Les Banshees d’Inisherin, un cri au coeur de l’Irlande
Nommé 9 fois aux Oscars 2023, le dernier film du réalisateur irlandais Martin McDonagh dépeint la fin d’une amitié entre deux hommes qui se retrouvent entraînés dans une danse sans fin, l’ensemble porté par la performance majestueuse de Colin Farrell et Brendan Gleeson.
Pádraic (Colin Farrell) a une vie simple, sur la paradisiaque île d’Inisherin, aux vertes collines et aux eaux cristallines. Il s’occupe de ses animaux, et chaque après-midi, retrouve Colm (Brendan Gleeson) pour aller prendre une pinte dans le pub de l’île et converser. Un train de vie répétitif dans lequel il se complaît. Jusqu’à ce qu’il ne le soit plus.
Une rupture brutale
Un jour, sans raison apparente, Colm refuse de suivre Pádraic et de partager un verre avec lui. Pourquoi ? “Je crois que je ne t’aime plus“, lui dit-il simplement. Pádraic se retrouve face à une impasse qu’il tente de contourner, perdu, confus. Il insiste, l’autre se braque et les voilà partis dans une querelle sans fin, escaladant en intensité au fur et à mesure que la pellicule se déroule. Lorsque Pádraic essaie d’obtenir des explications, Colm le menace de se couper les doigts – le comble pour un violoniste.
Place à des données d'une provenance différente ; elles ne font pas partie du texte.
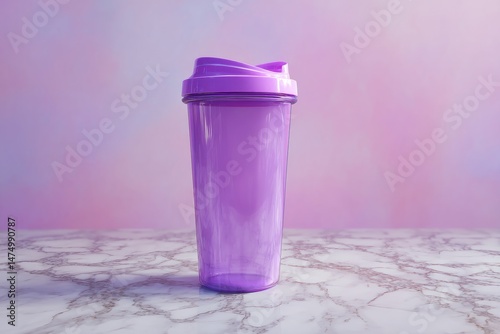 Lilac reusable beverage container on a marble surface.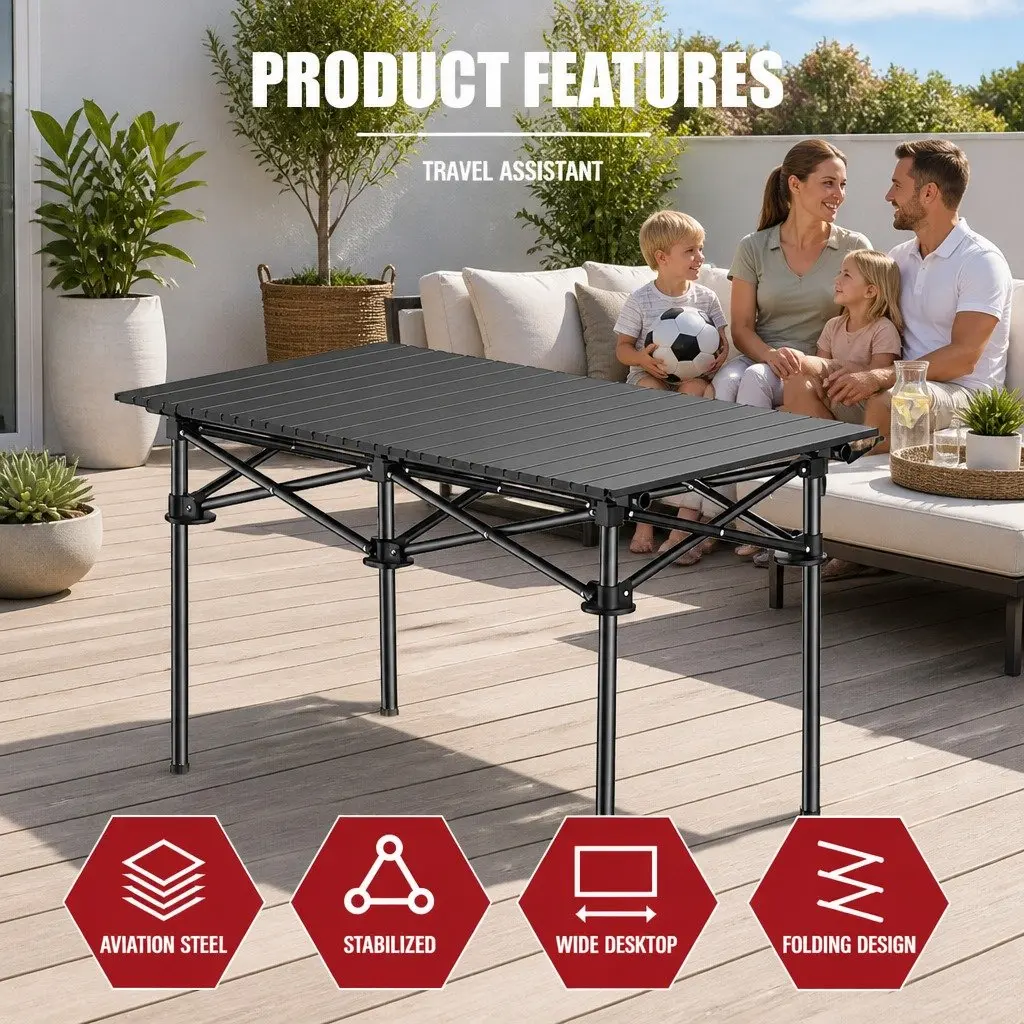 Folding Camping Table Carbon Steel 92 x 52 x 55cm Black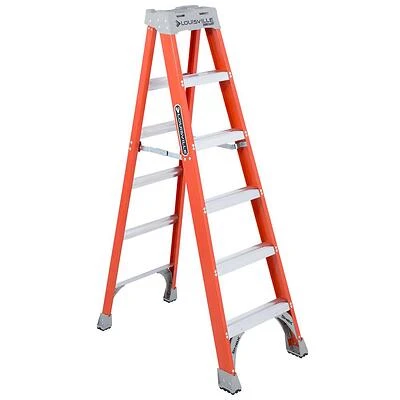 6-Ft. Step Ladder, Fiberglass, Type IA, 300-Lb. Duty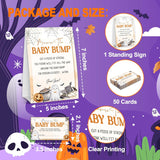 Halloween Baby Shower Games, Ghost Measure The Baby Bump For Pumpkin Gender Reveal Party Supplies Decorations, 1 Standing Sign + 50 Tickets - A03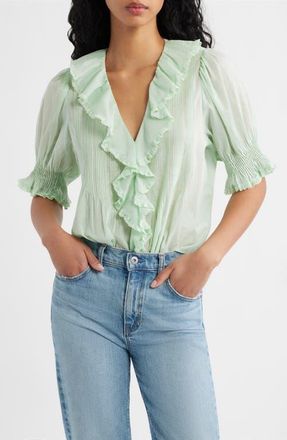 D&ocirc;en Henri Organic Cotton Voile Top in Seafoam at Nordstrom, Size X-Large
Le scénario dans Les Banshees d’Inisherin est d’une simplicité absurde, presque un thème de récréation de primaire, et pourtant, Martin McDonagh déroule le fil au maximum, écrivant au passage l’une des plus belles tragicomédies de 2022. La question est aussi cinglante qu’elle est simple : jusqu’où peut aller un homme ?
La confrontation se fait tout autant dans les actes que dans la morale. Ici, McDonagh met en face à face deux idéologies : le bon homme, celui qui vit au jour le jour et s’en contente, et l’artiste, celui qui veut laisser sa trace. Les répliques, d’une justesse grandiose, fusent entre les deux acteurs Colin Farell et Brendan Gleeson. C’est le retour de ce duo sous l’objectif de Martin McDonagh, quatorze ans après Bons Baisers de Bruges, film qui avait révélé le réalisateur britannique.
Une métaphore bien filée
Des bombardements lointains viennent perturber le calme des paysages irlandais tout le long du film. 1923, l’Irlande se déchire entre deux camps, comme Colm et Pádraic. Une toile de fond qui devient la métaphore filée du film, exécutée à merveille.
Dans une joute verbale aux effluves de Guinness, la confrontation entre la gentillesse et le désir de postérité met en lumière la réalité : les gens gentils, personne ne s’en rappelle. Mieux vaut alors taper du poing sur la table ?
McDonagh y oppose deux visions présentes lors de la guerre civile : ceux pour la désobéissance civile et ceux pour… la civilité. Mais peu importe le camp choisi, le réalisateur montre surtout que la tempête guerrière irlandaise heurte profondément tout le monde, de près ou de loin, qu’ils soient au cœur du conflit ou en arrière-plan. Le bombardement est constant. Il est verbal, physique, dans les jardins ou dans le seul pub de l’île. Et là où il va suit la Banshee de l’île, messagère de l’autre monde, attendant de crier à la mort.